Grant leads to discussion of Jewish literature
ASU Libraries will conduct a free monthly discussion of five books of Jewish literature beginning at 7 p.m., Aug. 26, at Hayden Library.
Why Jewish literature?
Because studying Jewish literature is part of studying world literature, says Rachel Leket-Mor, bibliographer for religion, philosophy and Jewish Studies at ASU Libraries – and also because ASU Libraries has received a grant to sponsor the series from Nextbook and the American Library Association.
“Reading is a wonderful way to get acquainted with other cultures, especially minor ones,” Leket-Mor says. “It is my hope that this reading and discussion series, graciously funded by Nextbook and the Jewish Studies Program at ASU, will open the door – and the hearts – to the fascinating multiethnic culture that is growing in Phoenix.”

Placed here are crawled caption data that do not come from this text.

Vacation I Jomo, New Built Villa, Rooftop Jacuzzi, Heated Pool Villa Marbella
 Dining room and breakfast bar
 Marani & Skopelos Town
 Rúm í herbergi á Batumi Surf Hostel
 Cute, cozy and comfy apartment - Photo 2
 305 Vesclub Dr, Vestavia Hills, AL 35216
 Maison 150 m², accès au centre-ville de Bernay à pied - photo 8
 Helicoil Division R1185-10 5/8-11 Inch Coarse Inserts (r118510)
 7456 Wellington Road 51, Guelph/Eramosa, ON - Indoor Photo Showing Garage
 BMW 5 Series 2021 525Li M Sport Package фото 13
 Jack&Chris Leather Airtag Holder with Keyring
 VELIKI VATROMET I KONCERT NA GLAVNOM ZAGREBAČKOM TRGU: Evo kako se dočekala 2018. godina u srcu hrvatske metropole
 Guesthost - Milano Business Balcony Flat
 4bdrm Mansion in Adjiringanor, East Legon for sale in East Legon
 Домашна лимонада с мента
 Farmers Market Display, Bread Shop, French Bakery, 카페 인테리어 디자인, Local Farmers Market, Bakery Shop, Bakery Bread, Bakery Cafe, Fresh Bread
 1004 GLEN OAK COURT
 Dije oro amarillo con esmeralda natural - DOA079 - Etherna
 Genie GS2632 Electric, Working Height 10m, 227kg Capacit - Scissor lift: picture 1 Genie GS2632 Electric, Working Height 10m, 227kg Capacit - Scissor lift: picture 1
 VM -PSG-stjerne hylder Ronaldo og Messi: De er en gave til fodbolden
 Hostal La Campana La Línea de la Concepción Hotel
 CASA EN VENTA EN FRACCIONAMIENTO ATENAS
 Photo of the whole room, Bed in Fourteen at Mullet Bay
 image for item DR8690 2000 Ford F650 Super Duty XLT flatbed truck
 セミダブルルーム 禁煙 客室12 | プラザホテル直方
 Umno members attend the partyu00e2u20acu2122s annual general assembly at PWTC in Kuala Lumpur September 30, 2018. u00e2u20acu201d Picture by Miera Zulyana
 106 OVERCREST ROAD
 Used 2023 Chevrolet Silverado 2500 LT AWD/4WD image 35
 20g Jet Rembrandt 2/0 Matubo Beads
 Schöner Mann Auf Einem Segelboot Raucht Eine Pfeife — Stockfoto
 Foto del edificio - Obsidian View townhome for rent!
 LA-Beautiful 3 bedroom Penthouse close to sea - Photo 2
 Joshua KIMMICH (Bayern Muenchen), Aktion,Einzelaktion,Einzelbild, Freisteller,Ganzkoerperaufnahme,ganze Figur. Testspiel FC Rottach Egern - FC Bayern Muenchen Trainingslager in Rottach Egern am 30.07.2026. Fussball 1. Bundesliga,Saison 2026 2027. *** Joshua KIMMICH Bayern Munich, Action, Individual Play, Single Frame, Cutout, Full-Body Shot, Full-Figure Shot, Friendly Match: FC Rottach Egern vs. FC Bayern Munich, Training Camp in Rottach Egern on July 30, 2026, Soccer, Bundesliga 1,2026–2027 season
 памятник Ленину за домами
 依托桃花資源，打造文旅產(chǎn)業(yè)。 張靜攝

Nextbook is a New York-based organization founded in 2003 “as a locus for Jewish literature, culture and ideas.” The organization sponsors public lectures, readings and performances in cities around the country, and publishes an online magazine.
The nonprofit organization has created several book-discussion modules under the umbrella theme “Let’s Talk About It: Jewish Literature – Identity and Imagination.”
The module chosen by ASU is “Neighbors: The World Next Door.”
“The delicate, often tortuous relationship between neighboring cultures animates these works of history and fiction, which trace the Jewish experience from Muslim Spain to Bolshevik Russia to contemporary America,” Nextbook says of the module.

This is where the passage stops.